- [Activity]: Find the line below with "Authentic Original Vintage". Print it and every line after it exactly, through the last line, leaving out the pictures.

- [Data shown]:
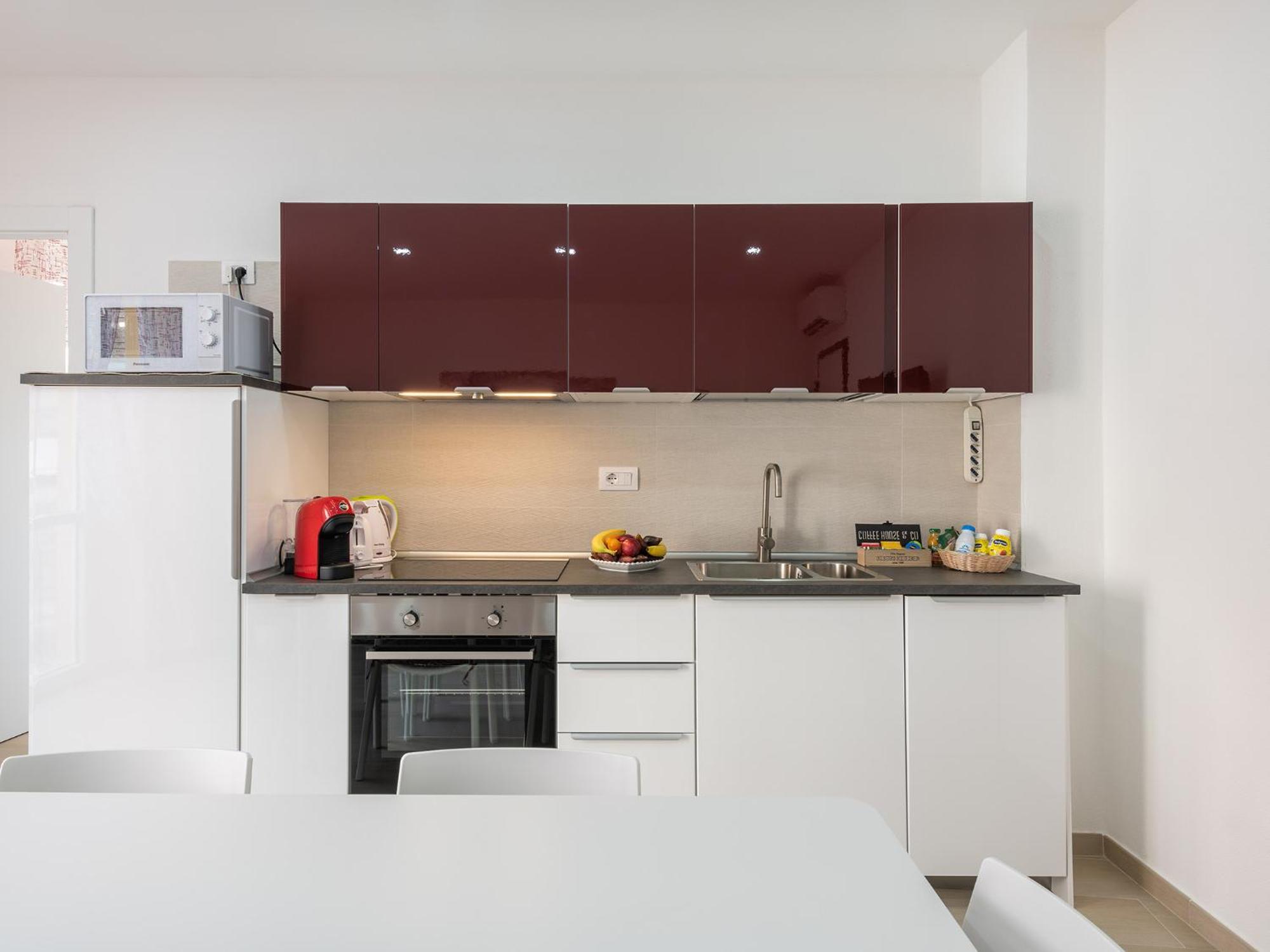 Sabamiglia Apartments Кальярі Екстер'єр фото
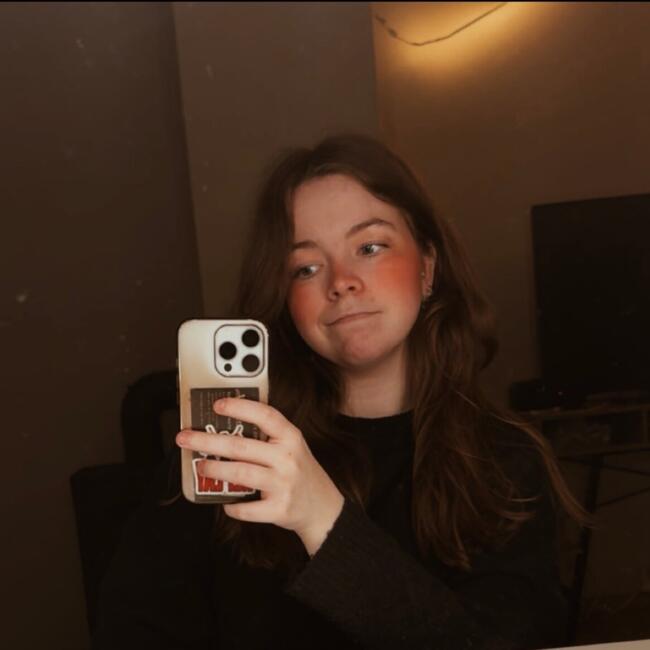 Babysitter in Naustdal: Andrea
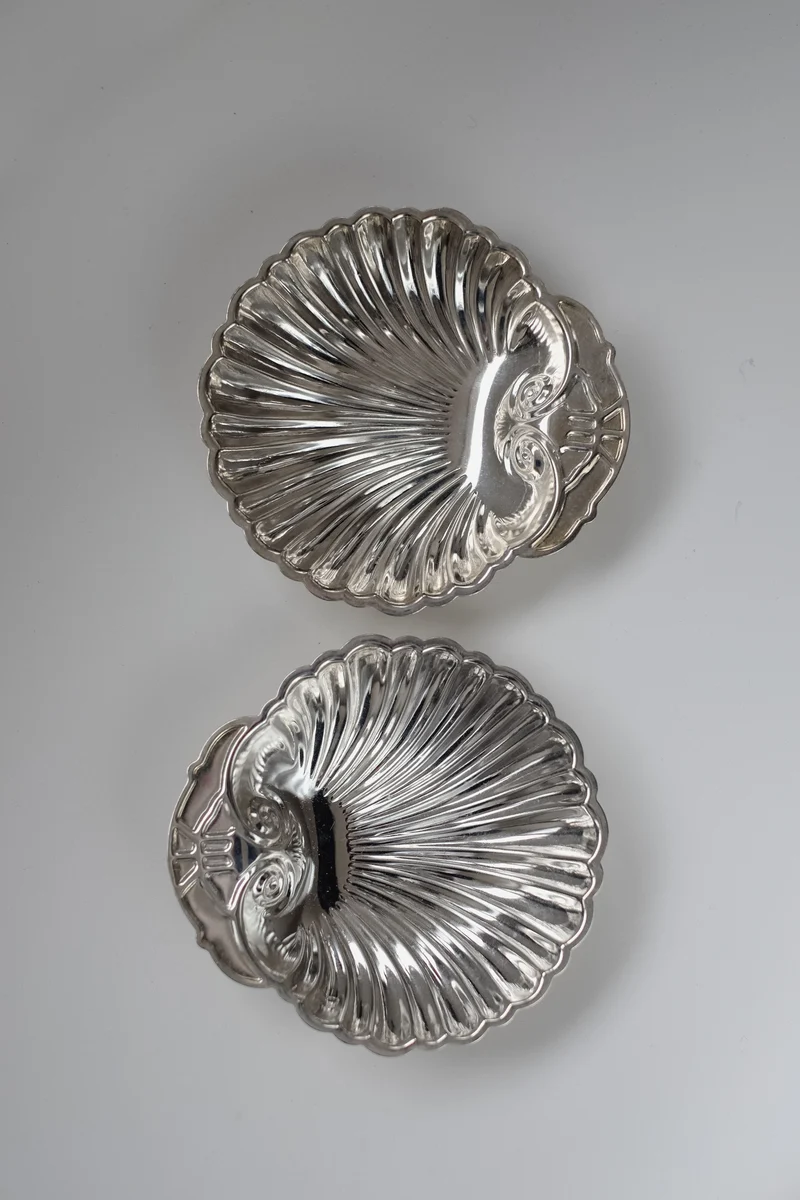 Set of 2 Silver-plated Shell Trays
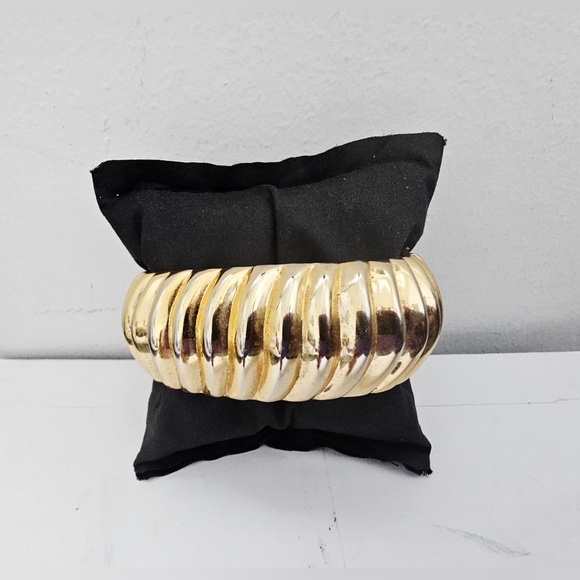 Authentic Original Vintage Style Jewelry - Vintage 1980s ribbed, Shrimped macaroni-link Luxury Gold Hinge Bangle Bracelet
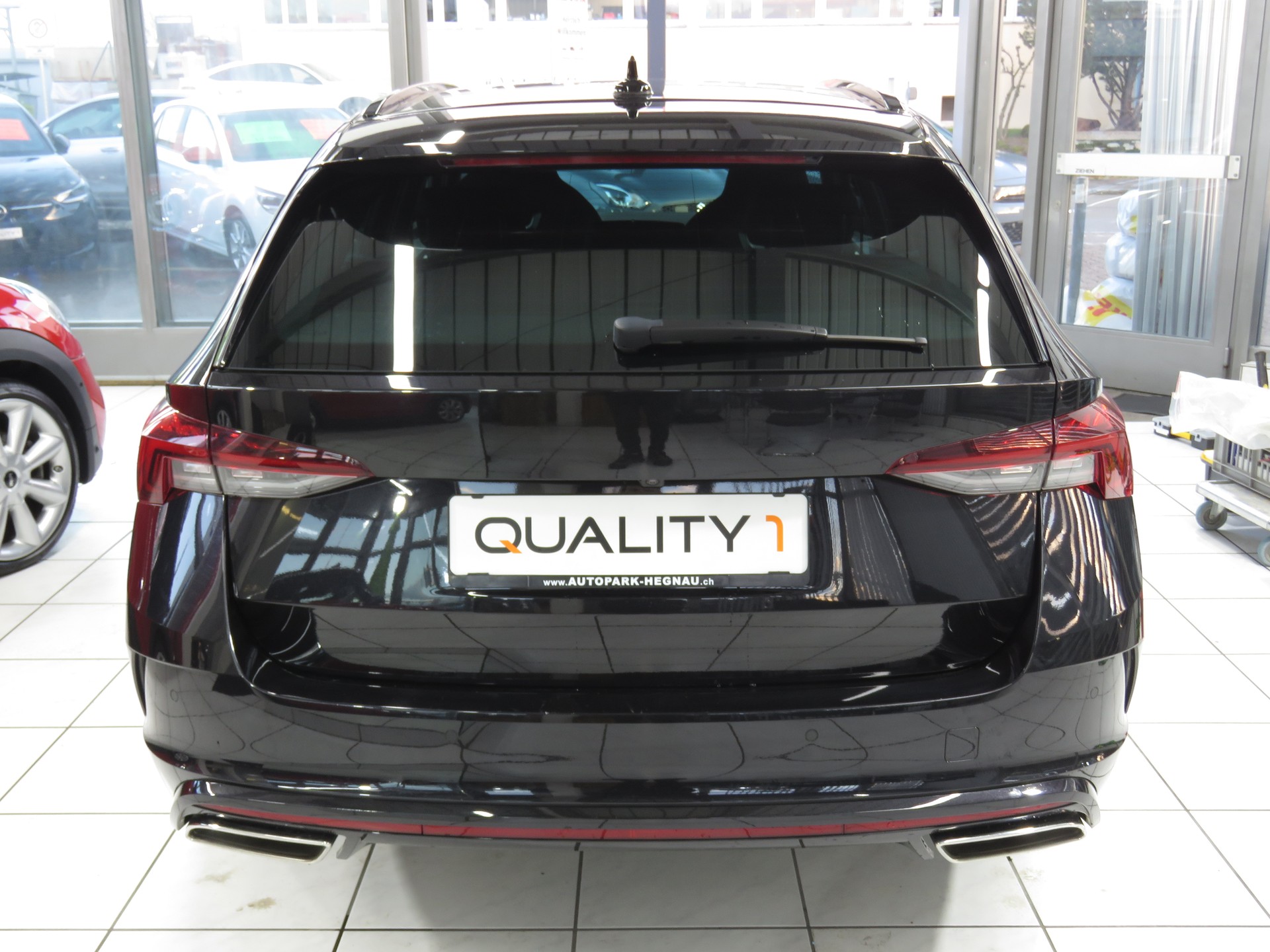 SKODA Octavia Combi 2.0 TSI DSG RS (Automat, Standheizung)-image-4
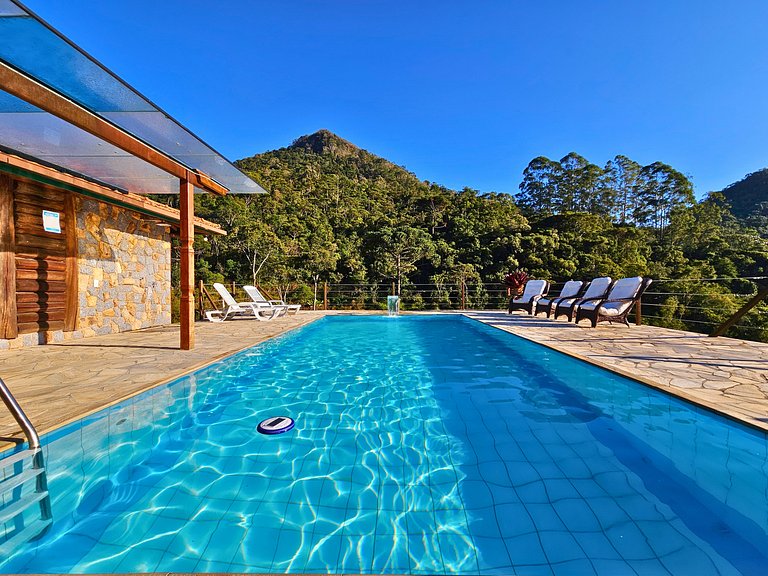 Casa com piscina, lago e suíte com hidromassagem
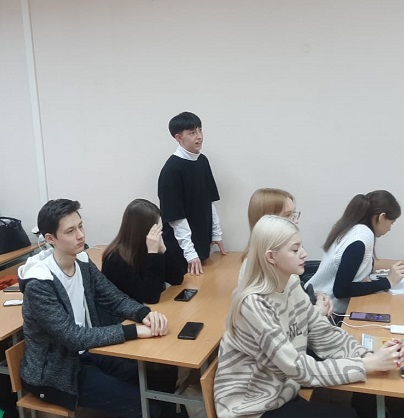 Студенты колледжа празднуют День Конституции РФ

- [Result for this task]:
 Authentic Original Vintage Style Jewelry - Vintage 1980s ribbed, Shrimped macaroni-link Luxury Gold Hinge Bangle Bracelet
 SKODA Octavia Combi 2.0 TSI DSG RS (Automat, Standheizung)-image-4
 Casa com piscina, lago e suíte com hidromassagem
 Студенты колледжа празднуют День Конституции РФ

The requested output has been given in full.